In separate trials of co-defendants for murder the prosecutor presented alternative, yet inconsistent theories of liability pursuant to Commonwealth v. Zanetti, 454 Mass. 449 (2009) (with regard to jury instructions on joint venture, when there is evidence that more than one person may have participated in the commission of the crime, judges should simply instruct the jury that the defendant is guilty if the Commonwealth has proved beyond a reasonable doubt that the defendant knowingly participated in the commission of the crime charged, alone or with others, with the intent required for that offense).  The defendant argued on appeal that his counsel was ineffective for failing to obtain a transcript of the prosecutor’s closing argument from the first trial to be used as a prior inconsistent statement at the second trial.  The Court found no due process violation because each of the theories presented by the prosecutor was supported by the evidence therefore, a transcript from the first trial would not have been admissible at the second trial.  “[T]here was no manipulation or concealment of evidence, or other prosecutorial misconduct.”

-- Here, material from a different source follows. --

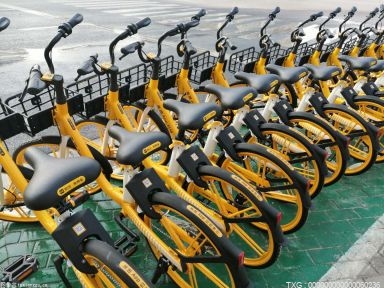 北京9月单日共享单车骑行量屡创新高 51个重点地铁站设电子围栏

The Court did provide a cautionary note.  “That said, prosecutors, in future cases, should proceed with caution when asserting inconsistent arguments in different trials involving the same crime, assuming no "innocent explanation," significant changes, or new evidence have come to light. We note that, particularly after Commonwealth v. Zanetti, supra, there is no need for a prosecutor to emphasize principal liability. If a prosecutor does so and the position is inconsistent with what he formerly argued at another trial for the same crime, he does so possibly at his own peril.”